_WHAT TO WORK ON_:
Work out the count of lines in the listing below that include "lora". Give that count alone.

_RECORDS FOR THIS EXERCISE_:
++++++
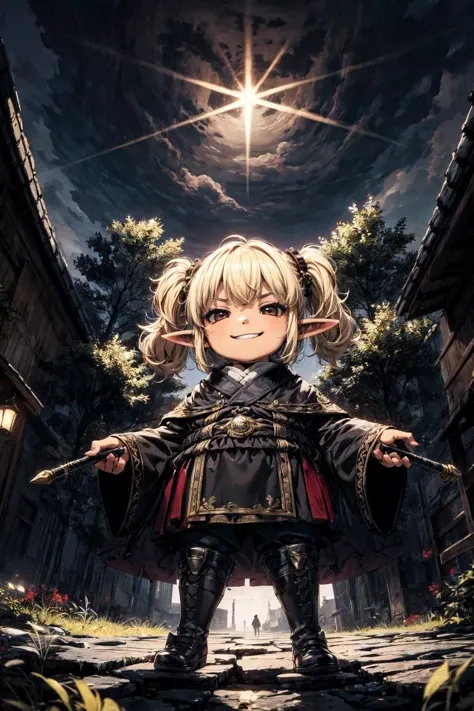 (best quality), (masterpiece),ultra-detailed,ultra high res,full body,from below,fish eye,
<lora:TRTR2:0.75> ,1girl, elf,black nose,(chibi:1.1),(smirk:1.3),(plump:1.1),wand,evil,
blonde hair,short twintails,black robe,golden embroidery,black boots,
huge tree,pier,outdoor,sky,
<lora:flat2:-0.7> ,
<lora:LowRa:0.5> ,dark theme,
++++++
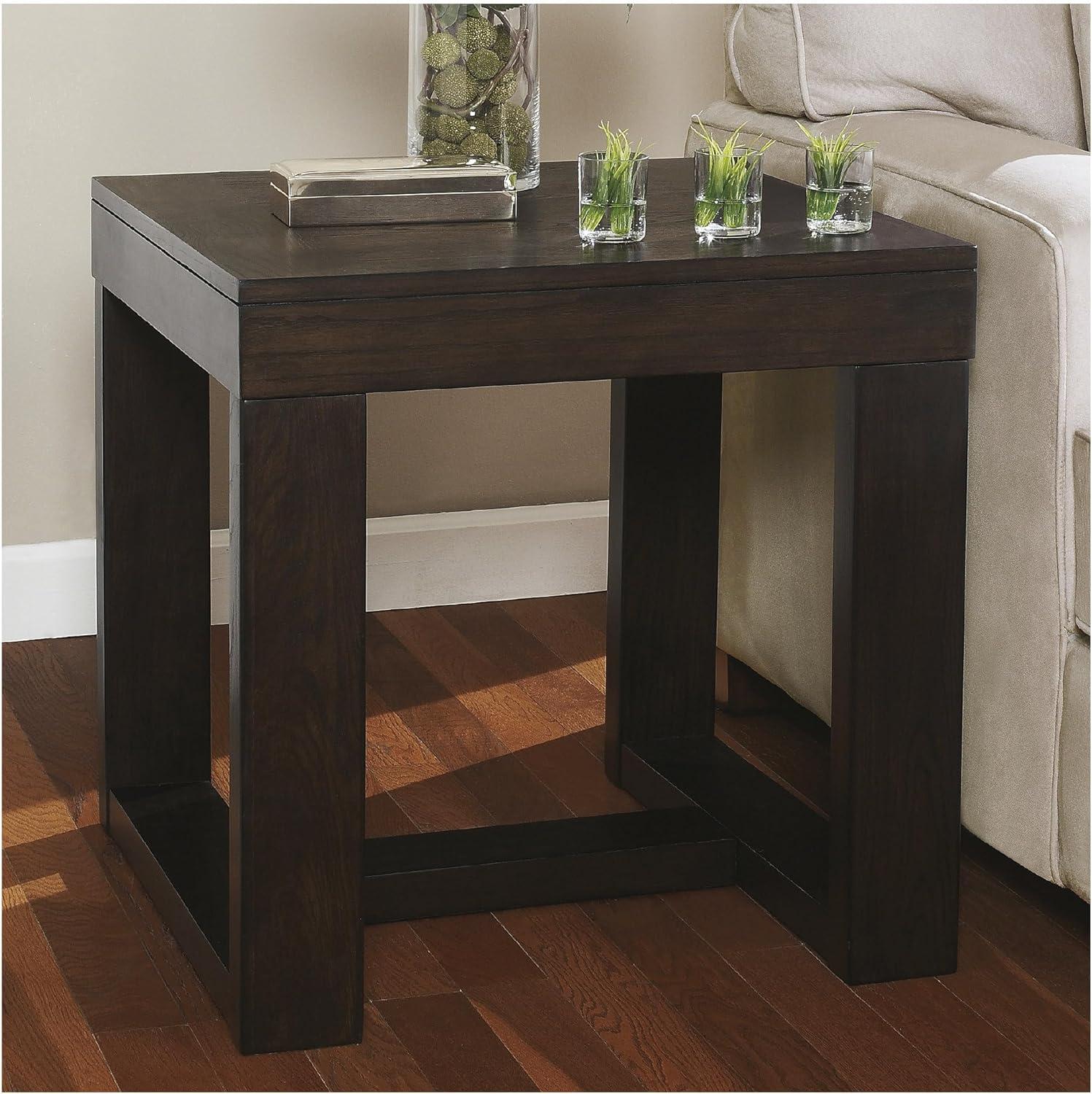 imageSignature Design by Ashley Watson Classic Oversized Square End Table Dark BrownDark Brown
++++++
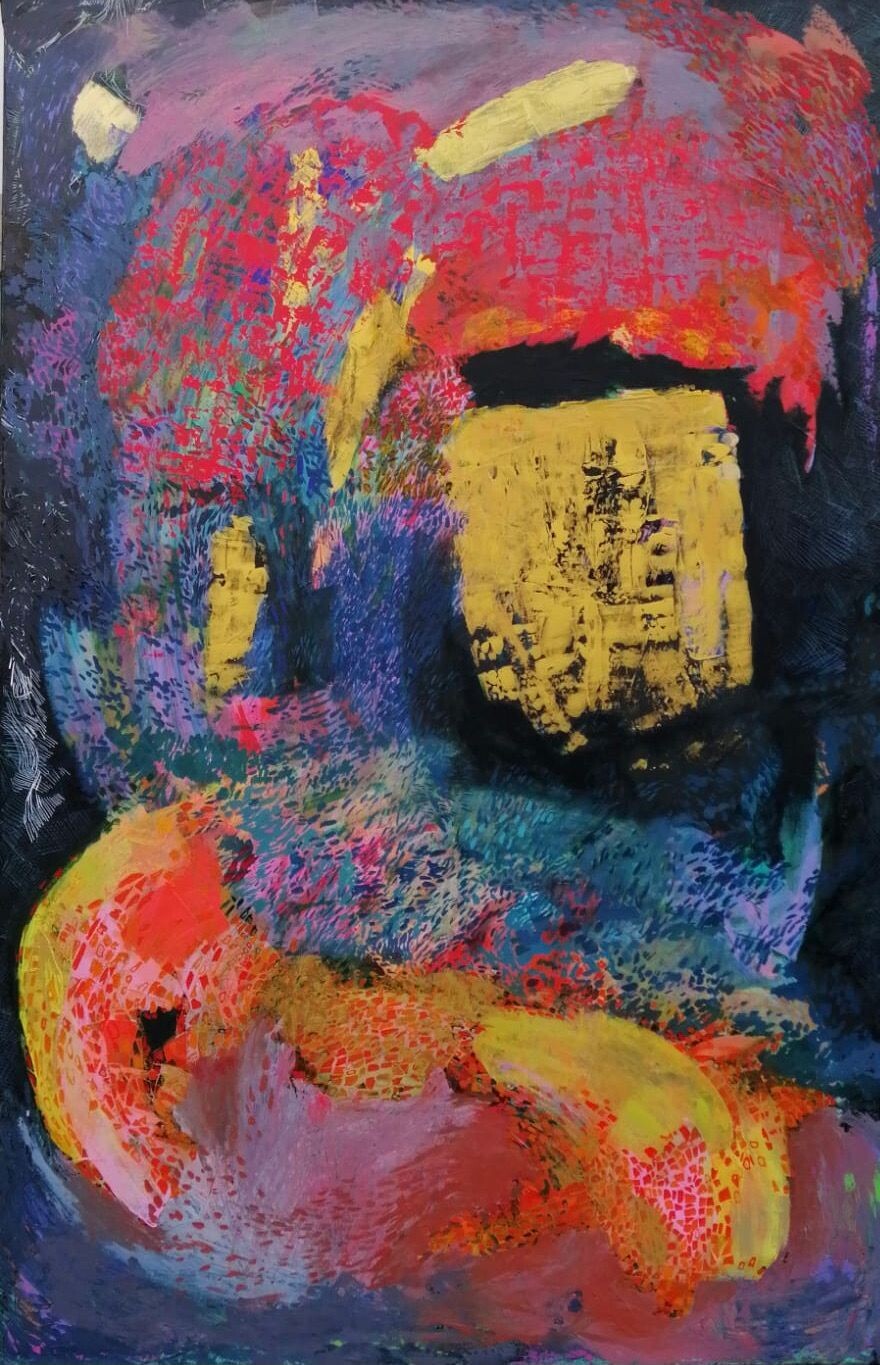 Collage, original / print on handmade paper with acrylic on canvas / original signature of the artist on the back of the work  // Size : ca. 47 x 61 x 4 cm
++++++
_SOLUTION TO THIS EXERCISE_:
3